Sorry, what’s this? A brand new portrait of Boris Johnson has been unveiled at the Carlton Club?

Hang on, what’s that? A million-pound donation to Boris Johnson from a single donor – the largest such donation of any kind ever?

Woah woah woah, you what now? “Allies” of Boris Johnson are claiming he’s going to some sort of deal with Rishi Sunak – a safe seat at the next election in return for promising “not to challenge” him before then?

If you really thought you’d seen the last of Boris Johnson, this has been a troubling week. The great used condom in the toilet bowl of British politics remains as stubbornly unflushed as ever. If you’ve not got the stomach for it then look away now, because its swollen tip really would appear to be floating back around the U-bend, back into our lives to taunt us a while longer.

I have lost count of the number of times Boris Johnson has been finished. If I search my Google calendar for “Boris Johnson resignation speech”, I would need to block out an afternoon just to go through the results. He was finished in 2016, he was finished again in 2018, and last year he really was absolutely finished, as long as you’re prepared to ignore the fact that he’s not.

It is somewhat difficult to get to grips with the terms of any deal he might do with Rishi Sunak. The premise appears to be: give me a safe seat and I won’t get rid of you. Just give me one more chance and in return I promise not to take it. Give me the gun Rishi, and I definitely won’t shoot you.

This, presumably, is how Johnson imagines the scenario plays out. We’re six months or so out from the next election, the country is in utter disarray, Sunak is 20 points or more behind, the Tories panic, as they like to, and decide that only Johnson can save them.
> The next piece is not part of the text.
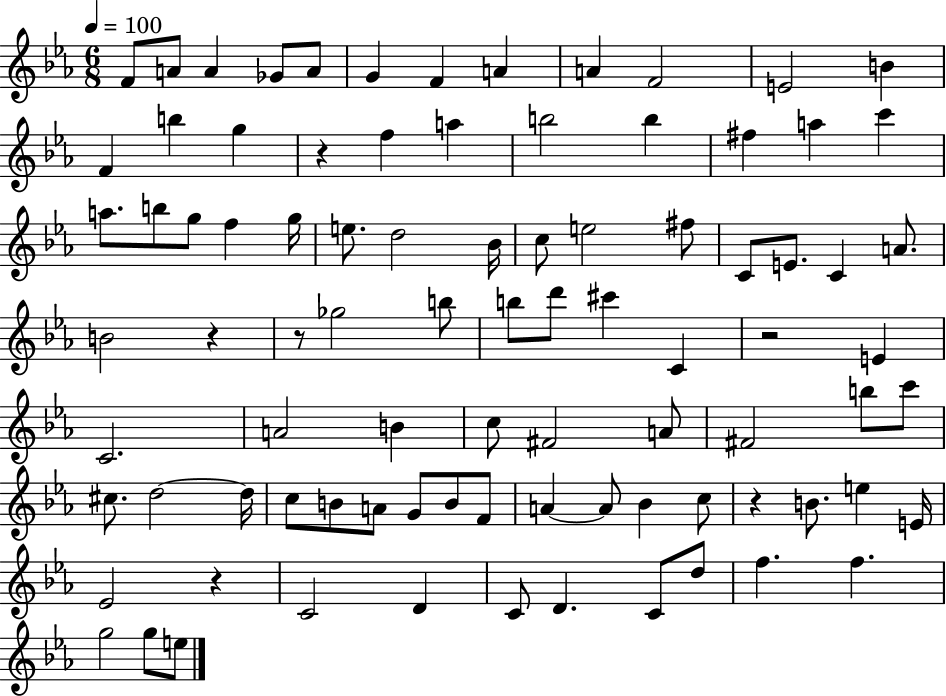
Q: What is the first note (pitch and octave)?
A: F4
If Sunak wants to save himself from such a humiliation, he must do a deal with Johnson now, give him a safe seat and trust him to be true to his word. That he’ll let him lose the election, rather than double-cross him and lose it for him.

Self-evidently, Johnson still thinks he is different from everybody else, that he and he alone can turn things around. It is not true, but there is frustratingly little evidence for it. He still imagines himself to be the great election-winning machine, though the claim does not bear a great deal of scrutiny.
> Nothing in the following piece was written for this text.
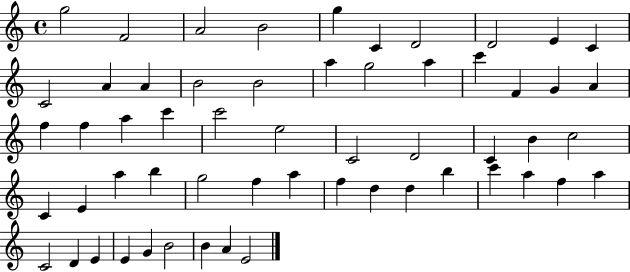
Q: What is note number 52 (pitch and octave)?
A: E4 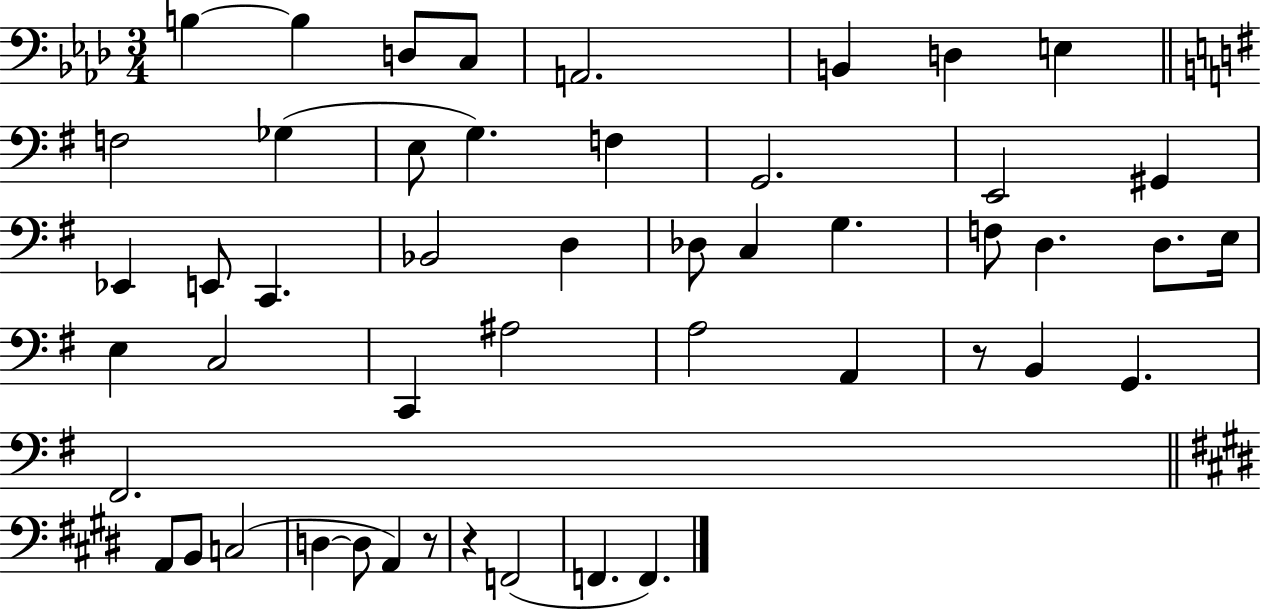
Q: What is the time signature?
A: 3/4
He won London twice, but on both occasions against Ken Livingstone, who had already done two terms by that point and was very much on the slide. He won the 2019 election, though even before Dominic Cummings had turned against him, he would point out that Johnson was personally extremely unpopular, and that the huge result had as much to do with the threat of Jeremy Corbyn and the promise of getting Brexit done (not that it is done). The EU referendum is of course the big one, but that was nevertheless a referendum. Nobody voted for Boris Johnson.

Trouble is, none of that will matter. Johnson still believes there is enough pseudo-evidence there to cajole Rishi Sunak into believing that the party may yet again break glass in case of emergency and reach for him a second time. That they will be in such a state of panic that they won’t consider exactly how it ended the last time.

And he’s probably right. They probably will. Of course, before rushing into any kind of deal, he may wish to consider that the House of Commons privileges committee investigation into Boris Johnson is just about to get underway. It will hear fresh evidence about Partygate, and it will likely end with the former prime minister even more disgraced than he was before. But what will it matter? We will still not be rid of him.